Bolesław Cybis, An Old Jew, ca. 1925, Nadwiślańskie Museum in Kazimierz Dolny

At the beginning of his artistic journey Cybis was drawn to cubism, surrealism, and Russian cubist-futurism. When as a young man in the 1920s he returned to Poland, his work underwent a huge metamorphosis. Cybis at once blazed his own trail as a painter, a trail that wove between magical realism, New Objectivity, and “new classicism”. In his paintings you can find overtures to old Italian masters – Rafael and Leonardo, but also to the art of seventeenth-century Holland, where great attention was paid to presenting details. The characters and objects in Cybis’s paintings are very realistic and at the same time somehow magically, ambiguously stated. Via this mood the artist approaches the works of Georg Schrimpf and Otto Dix.

Extraordinary originality and conception is what distinguishes Cybis’s painting “Primavera”, which he created in 1936. It is rich with a veiled erotica reminiscent of adolescent Balthus girls. However, it arose from his fascination and adoration for the artistry of Sandro Botticelli. And his heightened realism in the work refers to New Objectivity. Cybis showed young Spring as an teenage, adolescent girl – and yet with the sarcastic look of an adult, experienced woman. The dingy interior covered with a wallpaper having a motif of tiny flowers, a dirty rug, and an old, worn-out wash basin resembles rather more a dirty, cheap hotel room than a girl’s boudoir. The very male figure combs thinning hair. The nudity of the blossoming and at the same time spindly body is contrasted with the red stockings slipping off. “Primavera” presents the very definition of Cybis’s art – excellent drawing, the special emphasis on providing details, and most importantly – an upending of reality. The seemingly unprepossessing representation of the girl turns into a fascinating study of human existence filled with magical, realistic ugliness that draws the viewer into a disturbing, no longer real world of art.

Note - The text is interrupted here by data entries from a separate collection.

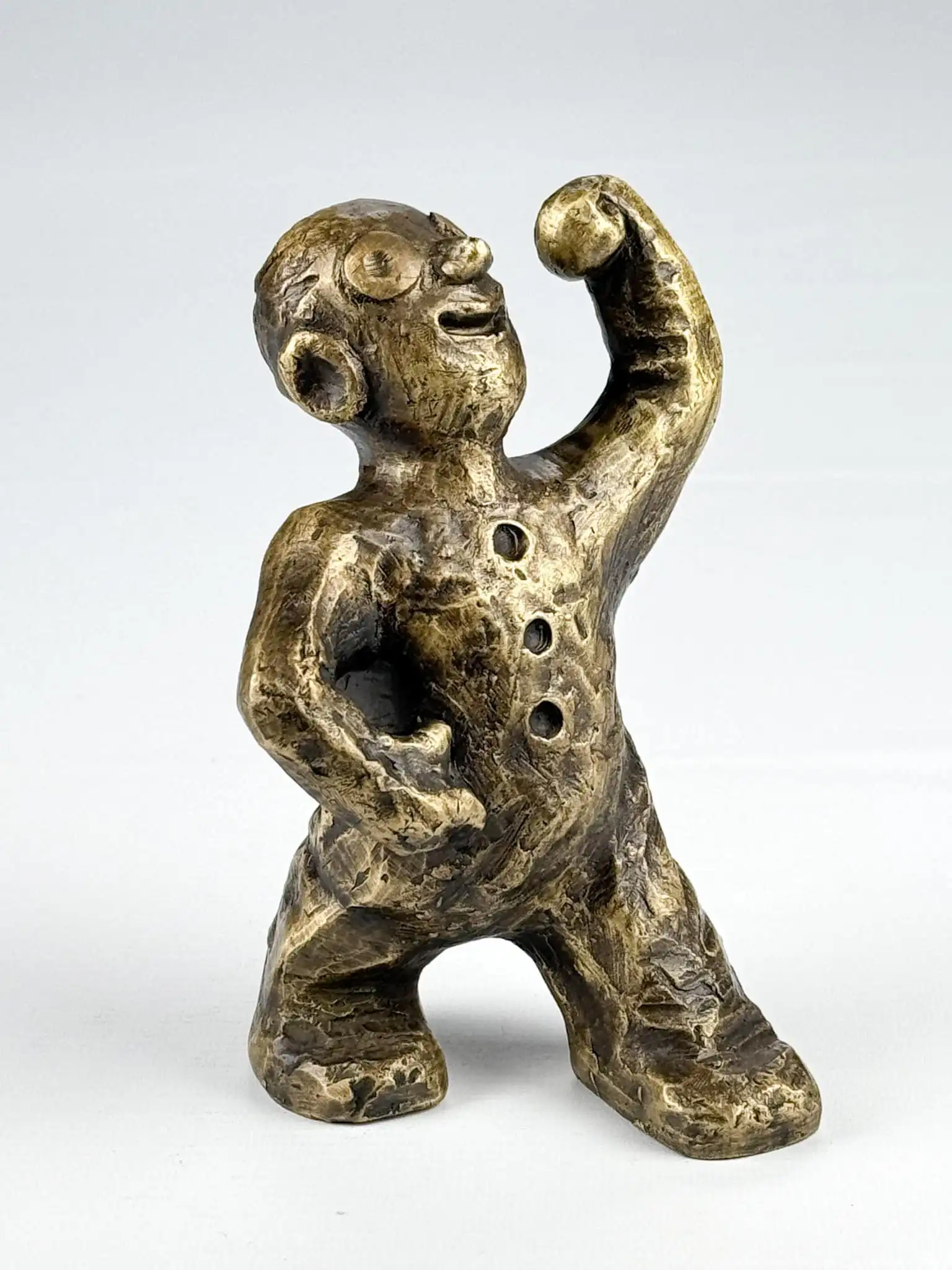 Fighteren - bronzeskulptur (styrke og vilje)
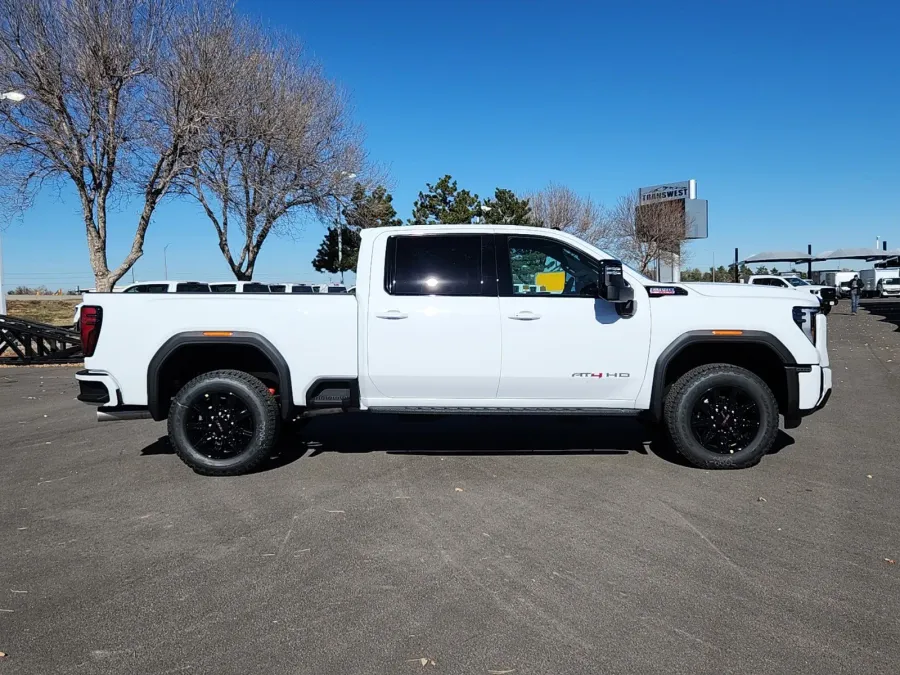 2025 GMC Sierra 2500HD AT4 | Photo 1 of 25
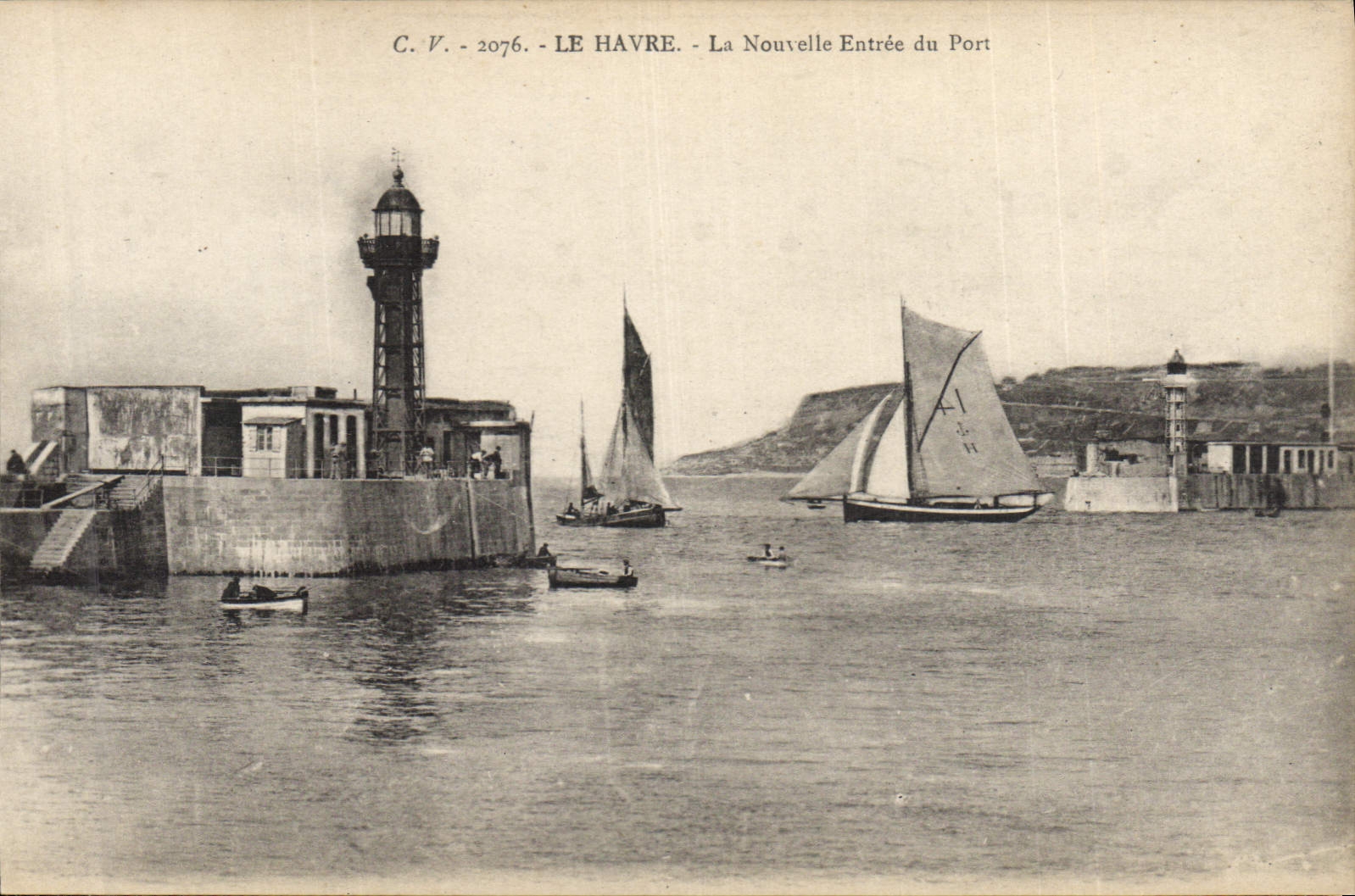 CPA Phare Le Havre La nouvelle entree du port Bateau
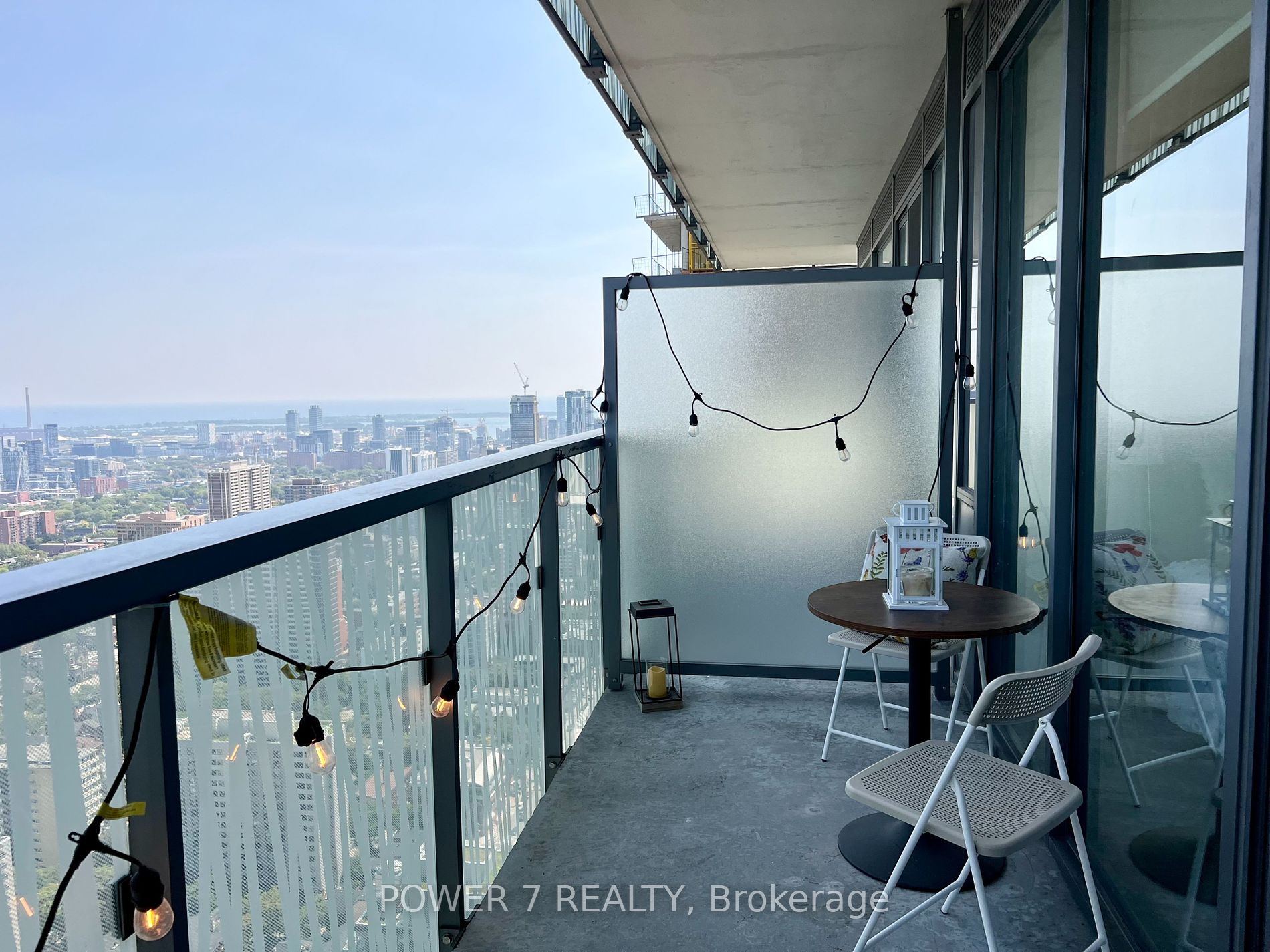 50 Charles St E, #4402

Bolesław Cybis was also keenly interested in folk art – hence, a frequent motif in his paintings was that of women in the regional costumes of Łowicz – the striped skirts and stiff, starched shirts, reminiscent of ladies from Italian Renaissance portraits. In these paintings, as well as in the works created after traveling to Africa, the artist sought new means of artistic expression; he enriched the texture by introduced gilding, mixed several types of paint, made use of plaster, and introduced “merla”. The most visible interference in the surface of the canvas is to be seen in the painting “An encounter” from 1931, showing the figures of African women against the background of an oriental street. The artist paid considerable attention to the illusionary reproduction of texture effects. On virtually each of his works one can discern the subtle nuances that usher in an atmosphere of wonder.

Bolesław Cybis and Jan Zamoyski,
Polish Sky, 1939
Photo: Urząd Marszałkowski Województwa Pomorskiego

From 1934 Cybis focused mainly on monumental painting. Together with Jan Zamoyski, in the years 1934-1937 he created the fresco “Bolesław Chrobry marking the boundaries of Poland on the Odra river”, and in the years 1937-1939, the ceiling “Polish Sky” in the auditorium of the Gdańsk’s Józef Piłsudski School of the Motherland. In 1936, he made relief decorations with African motifs for the bar on the transatlantic liner Batory. In 1937 he received an honorary diploma for his “Abundance” fresco, which decorated the Polish pavilion at the world exhibition of Art and Technology in Paris.

Bolesław Cybis’s paintings are characterized by a telltale display of structural elements and exquisite drawing. The originality of his works is highlighted by his illusionism paired with the frequent ugliness of the people portrayed. The artist employed national motifs perfectly and transposed them to the canon of contemporary European art, which emphasized the return to order and to decorative art with a realistic penchant. Bolesław Cybis’s painting stood out against that of the other Lukians. For he was the only one who hearkened to magical realism. The figures from his paintings depict an upended reality frozen in time – what at first glance seems ugly, becomes beautiful and sublime in its perfection.